In today’s world, taking a personal loan, home loan, or car loan has become very simple and very quick. Well, this could be the reason, a majority of today’s generation is paying more EMI’s as compared to their monthly savings, however, they failed to understand how heavily it is burdening their pockets.
Your every new spending will lead to a mental calculation to check whether you can manage the burden with your existing EMI outgo.
On the other hand, a Systematic investment plan is quite a popular investment option because of its consistent performance and ease of monthly contributions with the affordable amount for building corpus amount based on calculation. It will help you to accumulate corpus in advance to achieve your financial goals over a period of time.
Which one would you choose?
Servicing an EMI for an asset, which reduces its value over time may not be a good idea. Instead, why not service an EMI towards something that may grow over time. Saving regularly and investing such savings into better investment products may help you contribute towards your financial prosperity. Mutual funds may be one such solution, wherein the investors may have a wide range of plans to choose from, best suits your financial goals and risk profile.
On the other hand, when you create a corpus through SIP’s you gradually create an asset for yourself that will help you achieve your financial goals in life with the help of the power of compounding. It has the potential to beat inflation and create wealth in long run. This is the way, invest in a step by step to get closure to your life goals in a systematic and disciplined manner.
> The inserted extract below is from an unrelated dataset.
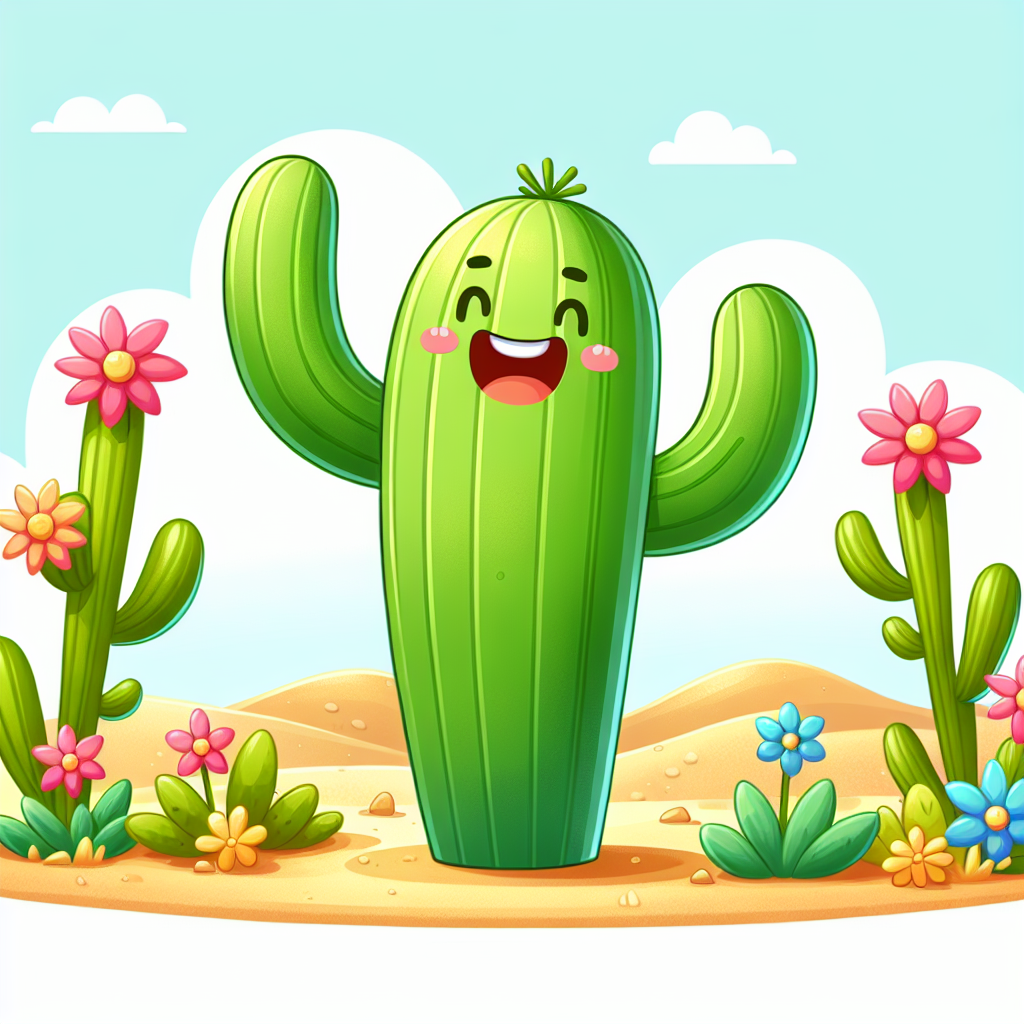 Cute Cactus Paint By Numbers Art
Choose lower sip today than higher EMI tomorrow:
Let’s suppose, next 5 years you plan to buy a new car costing ₹ 8,00,000 approx. One option you have is to only plan it by taking loan or swiping your credit card and converting the repayment into 60 monthly installments. With this, you will end up paying almost ₹ 10.67 lakhs (₹ 17.8 EMI) at an assumed interest rate of 12%. But if you plan it and start saving for it in advance, let’s say 5 years before you decide to invest, you only need a SIP of ₹ 10,111 per month to accumulate a corpus of Rs 800,000 in 5 years at an assumed and expected rate of return of 11%.
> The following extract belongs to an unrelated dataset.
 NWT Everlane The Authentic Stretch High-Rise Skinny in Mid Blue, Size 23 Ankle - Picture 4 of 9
The above example clearly, explains that if you preplan your goal, you can actually save a good amount. Also, it gives you and your family, A sense of security.
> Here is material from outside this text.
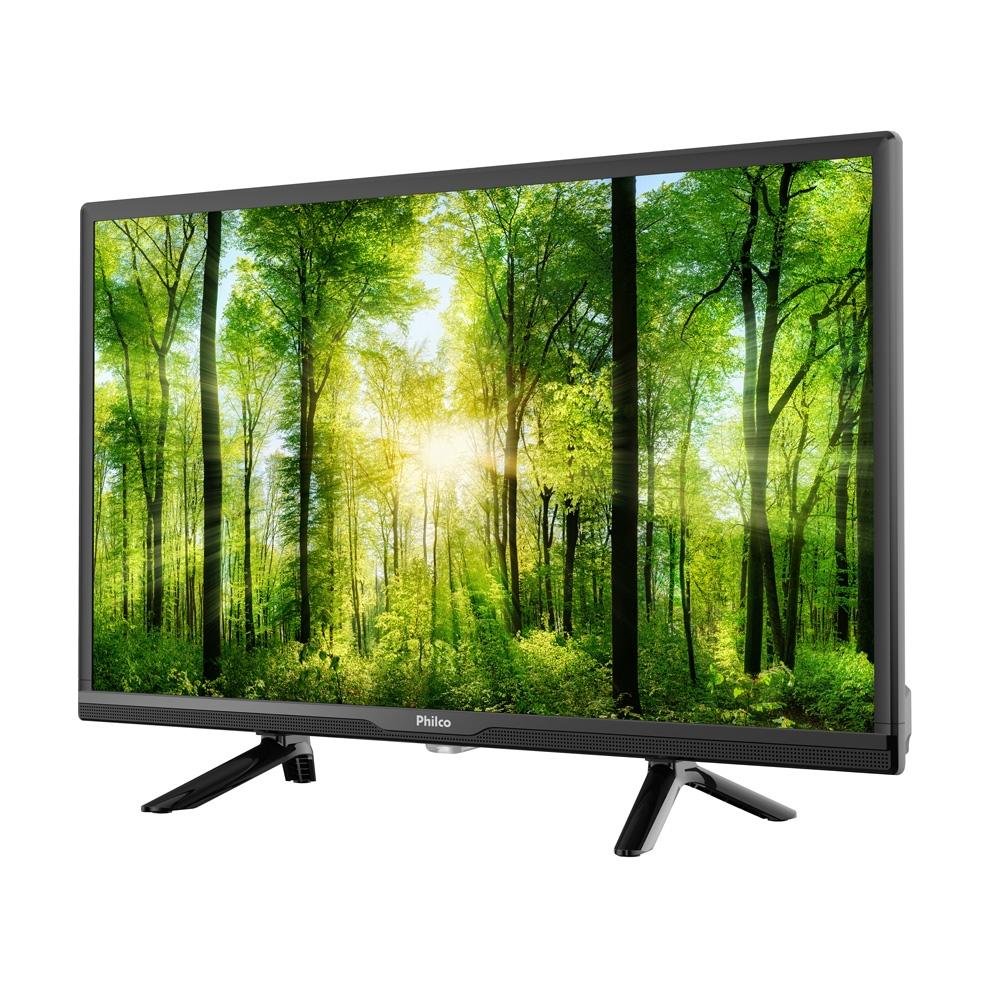 TV Philco 24 Polegadas HD, 2 HDMI, USB, LED, Conversor e Receptor Digital, Preto - PTV24G50DCH TV Philco 24 Polegadas HD, 2 HDMI, USB, LED, Conversor e Receptor Digital, Preto - PTV24G50DCH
Be smart to make the right decision:
Even if you get a bit late on buying the things you need, it is always better to avoid the debt trap which slowly pulls you to a stage when you end up taking more loans to pay your previous one. A systematic investment plan provides you a disciplined approach to investment and that too at a very nominal amount to start with. All you need to do is quantify the amount for whatever you are planning to buy, based on which you can plan your sip amount.